Monday, June 8, 2015

Small has Power – 14 June 2015 – Lectionary 11/ Proper 6

Trees figure in both the Ezekiel and Mark readings on this day. Perhaps the preacher might be inspired to evoke the lush place held by trees in scripture and, indeed, in the life of Earth itself. The Gospel, of course, shows us the lowly mustard seed becoming yet another large home for the nests of winged creatures.

Residing at the heart of today’s imagery, trees teach us about God’s care for all living things, including their own kind.

Mark 4:26-34

Gail Ramshaw, in her book, Under the Tree of Life: The Religion of a Feminist Christian, described the nurse-log. In the forest, a fallen dead tree is hollowed out by rot, giving the food of its trunk to the mosses and creatures of the forest floor. But it also gives life to the sprouts of seeds that grow to become new trees: nourished by the remains of the dead tree, a new tree rises in its place.

Ramshaw used this image to illustrate the relationship between her first marriage and her second. It is also a useful image for other human experiences of loss or change: the death of a parent or spouse devastates a family, but may also nourish the ever-evolving family with both the wisdom of the dead and the painful lessons of death itself. The end of an old sibling rivalry, heated but oddly useful in childhood, gives life to a new friendship between adults—adults with a shared history, a lifetime of companionship in all its delights and frustrations. The loss of a troubled romantic relationship can give birth to a deep and abiding friendship. – Stephen Crippen

A tree fallen to the ground, serving up its body to earth, gives life to new trees. Together, trees grow up into forest communities, root systems for watersheds, canopies of life-giving branches and leaves, homes for insects and birds and climbing mammals, shade and rest for humans. The metaphor holds that the growth of giants comes from smallness, creating individuals and also communities.

How does the parable of the mustard seed grant hope and encouragement to churches and individuals who see their efforts to serve God as being small or insignificant? How can this parable help our congregations see that small acts of love and justice can grow into expansive and flourishing expressions of God’s shelter and peace? – Ben Sharpe

Ezekiel 17:22-24

Ezekiel gives us the mighty cedar––a home for birds and a signal even to the fields that the Lord is at hand. Creation rejoices over itself. In the response to the first reading, Psalm 92, the cedar and the palm are used as visions of what the righteous resemble: a tall, straight, grand tree!
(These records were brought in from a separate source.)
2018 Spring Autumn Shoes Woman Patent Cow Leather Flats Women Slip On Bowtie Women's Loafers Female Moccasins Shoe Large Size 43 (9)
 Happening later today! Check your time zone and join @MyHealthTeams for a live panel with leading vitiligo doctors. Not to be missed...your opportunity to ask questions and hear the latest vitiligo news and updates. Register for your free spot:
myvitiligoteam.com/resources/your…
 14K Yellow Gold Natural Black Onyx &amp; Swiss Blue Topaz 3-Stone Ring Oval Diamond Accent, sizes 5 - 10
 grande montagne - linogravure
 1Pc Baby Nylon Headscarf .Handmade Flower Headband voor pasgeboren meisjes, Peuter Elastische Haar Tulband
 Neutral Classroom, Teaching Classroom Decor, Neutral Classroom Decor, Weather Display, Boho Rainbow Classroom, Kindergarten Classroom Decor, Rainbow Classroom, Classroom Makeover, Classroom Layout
God’s power stretches in many directions: inside created things, outside of creation, beyond the universe, bigger than existence itself, and also between creatures. God’s power, in other words, also works to sever and to bring together. The Epistle reading takes our thinking in the direction of God’s ultimate judgment, final recompense for how we have lived our lives. Ben Sharpe asks us to ponder reconciliation in the light of the writer’s call to “regard no one from a human point of view…” Where the “old” has passed away, a new creation can be born.

2 Corinthians 5:6-17

The 2 Corinthians passage focusing on reconciliation virtually sings with wonder and love for the One who reconciles us to one another and God. Does the ministry of reconciliation set us singing? How can we help our hearers experience and express the ecstatic joy that comes with a new creation born out of reconciliation with God through Jesus Christ? How is the reconciliation Paul rhapsodizes about effected? What sacrifices and self-giving are required from us as we share in the ministry of reconciliation? Does every act of authentic reconciliation require a cross of some kind? – Ben Sharpe



Stephen Crippen is a psychotherapist and a deacon in the episcopal Diocese of Olympia, Washington.

Ben Sharpe is a minister of Christ Church, Winston-Salem, North Carolina, of the Anglican Mission in America affiliated with the North American Missionary District of Province de L’Eglise Anglicane Au Rwanda (PEARUSA).

Homily Service 39, no. 7 (2006): 31-41.